= Your task =
Extract the line that contains "bruneta reala%, sexi" and every line after it through the end of the records below, exactly as written, leaving out any pictures.

=== Section Start ===

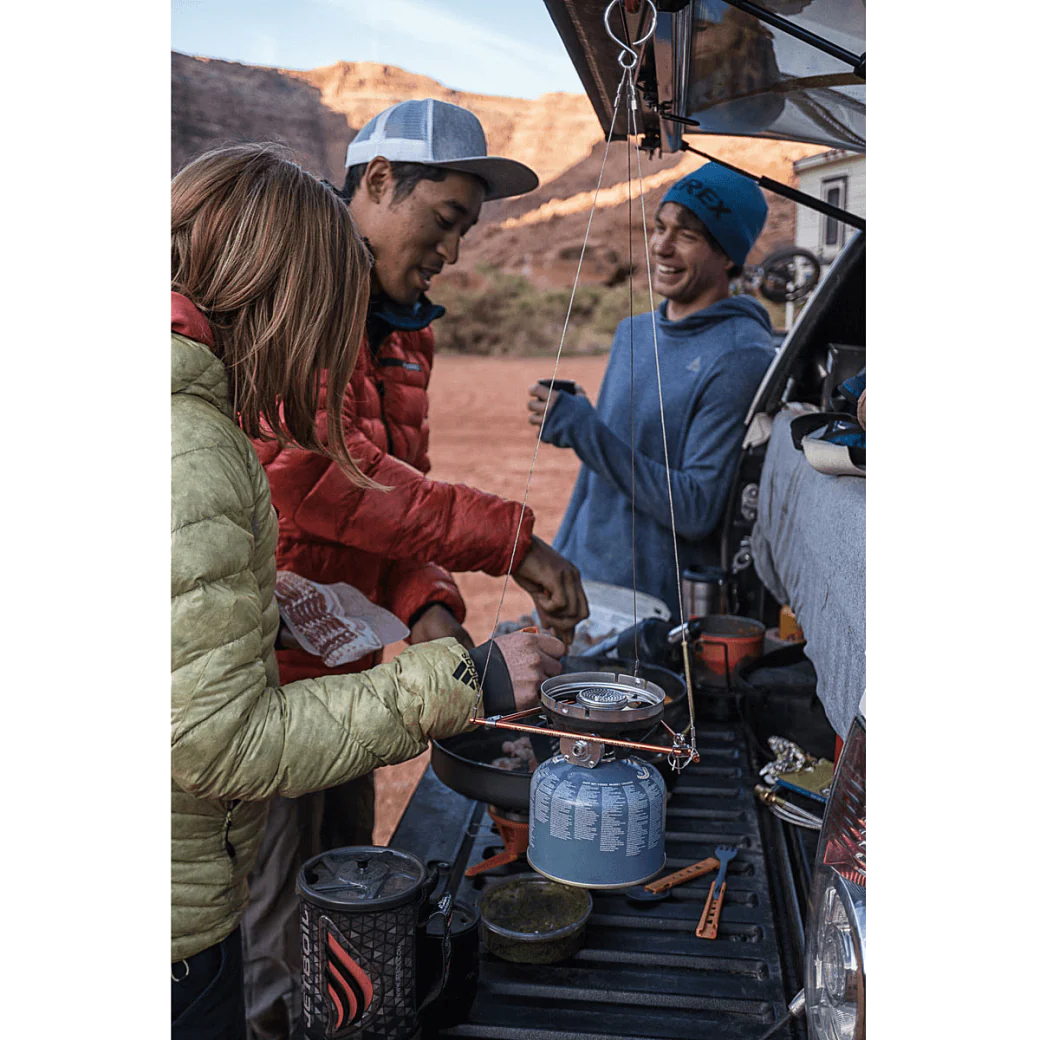 Jetboil Hanging Kit - Image 5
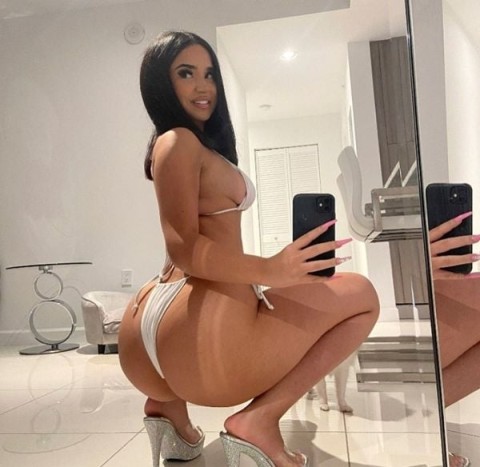 bruneta reala%, sexi ,pasionala!!...Noua la tn in oras - imagine 137430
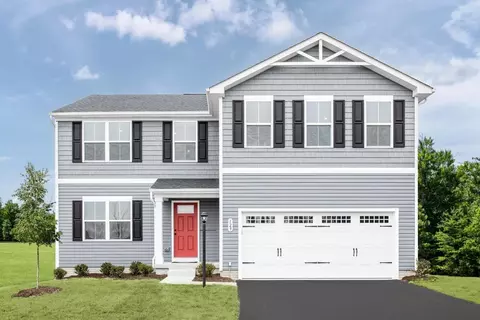 6 White Birch Rd, Waynesboro, VA 22980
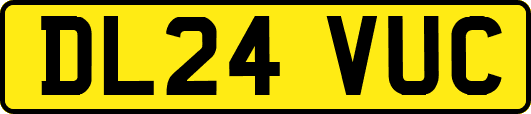 DL24VUC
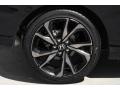 2020 Honda Civic Sport Coupe Wheel #12 2020 Honda Civic Sport Coupe Wheel #12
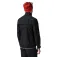 Rossignol Chaqueta Active Versatile XC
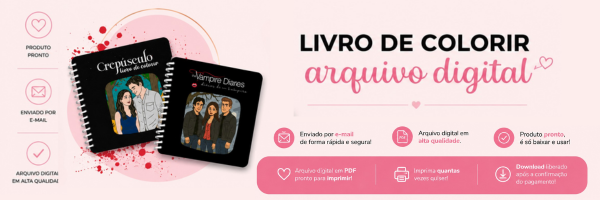 livro vitrine-mini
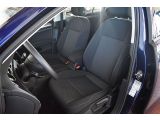 VW Golf bei Reisemobile.expert - Abbildung (13 / 15)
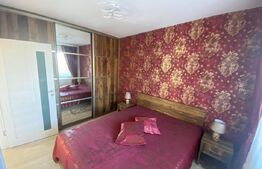 Apartament cu 3 camere, la cheie, etaj intermediar, zona Petrom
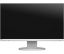 EIZO FlexScan EV2480 fehér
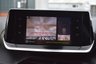 USED 2020 70 PEUGEOT 208 1.2 PURETECH GT LINE S/S 5d 100 BHP 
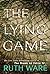 The Lying Game by Ruth Ware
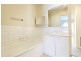 2A Ross Street, Mitcham VIC 3132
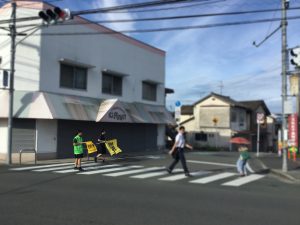 秋の交通安全運動r 13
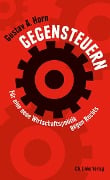 Cover-Bild zum Titel 'Gegensteuern' von 'Gustav A. Horn'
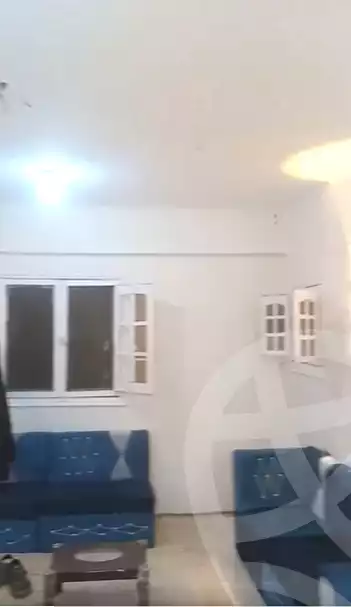 https://aqarmap.com.eg/ar/listing/7018674-for-sale-cairo-ain-shams-ain-shams-el-sharkia-el-eshrein-stt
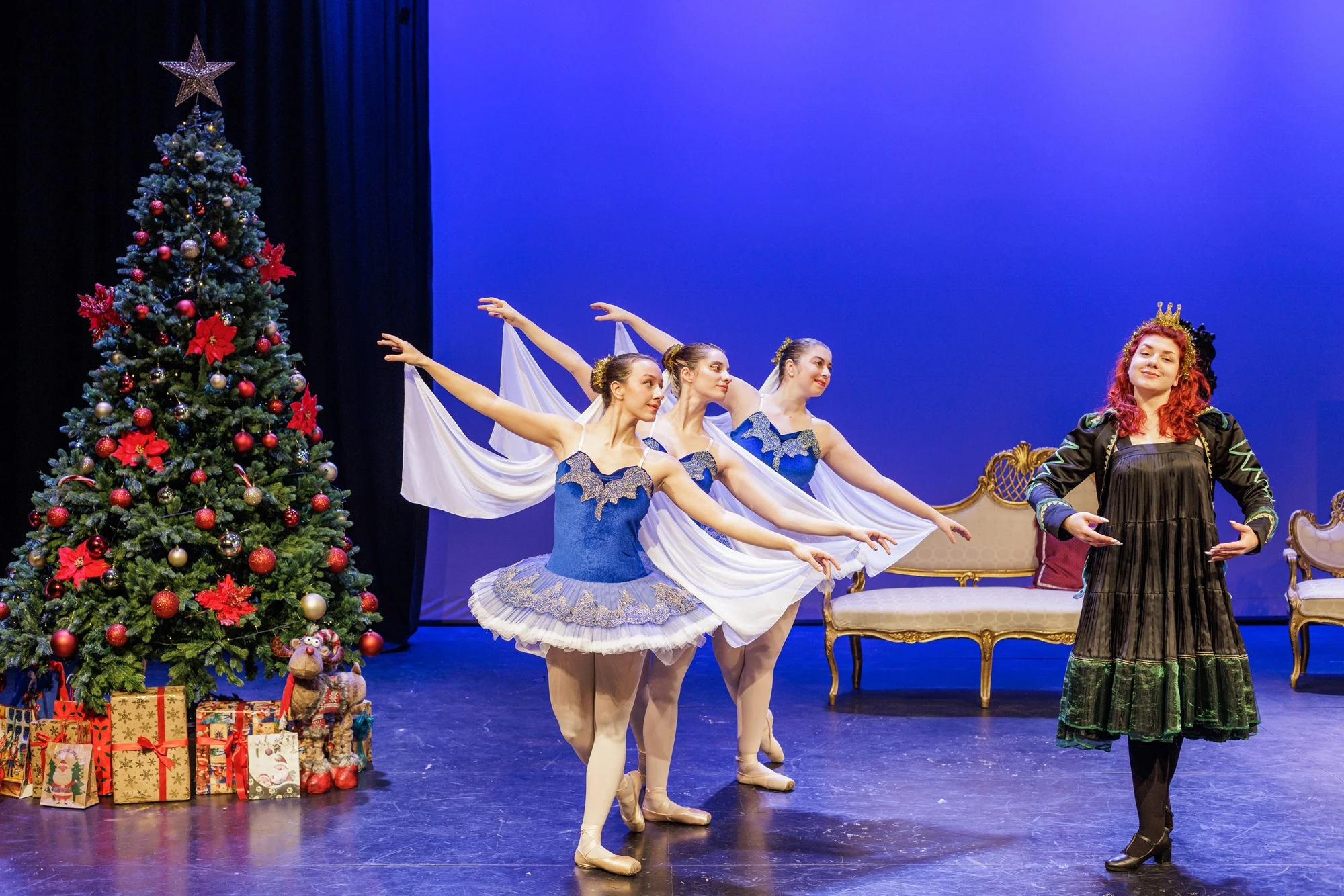 paidikskini-nutcracker-2.JPG?v=0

=== Section End ===

= Answer to this task =
 bruneta reala%, sexi ,pasionala!!...Noua la tn in oras - imagine 137430
 6 White Birch Rd, Waynesboro, VA 22980
 DL24VUC
 2020 Honda Civic Sport Coupe Wheel #12 2020 Honda Civic Sport Coupe Wheel #12
 Rossignol Chaqueta Active Versatile XC
 livro vitrine-mini
 VW Golf bei Reisemobile.expert - Abbildung (13 / 15)
 Apartament cu 3 camere, la cheie, etaj intermediar, zona Petrom
 EIZO FlexScan EV2480 fehér
 USED 2020 70 PEUGEOT 208 1.2 PURETECH GT LINE S/S 5d 100 BHP 
 The Lying Game by Ruth Ware
 2A Ross Street, Mitcham VIC 3132
 秋の交通安全運動r 13
 Cover-Bild zum Titel 'Gegensteuern' von 'Gustav A. Horn'
 https://aqarmap.com.eg/ar/listing/7018674-for-sale-cairo-ain-shams-ain-shams-el-sharkia-el-eshrein-stt
 paidikskini-nutcracker-2.JPG?v=0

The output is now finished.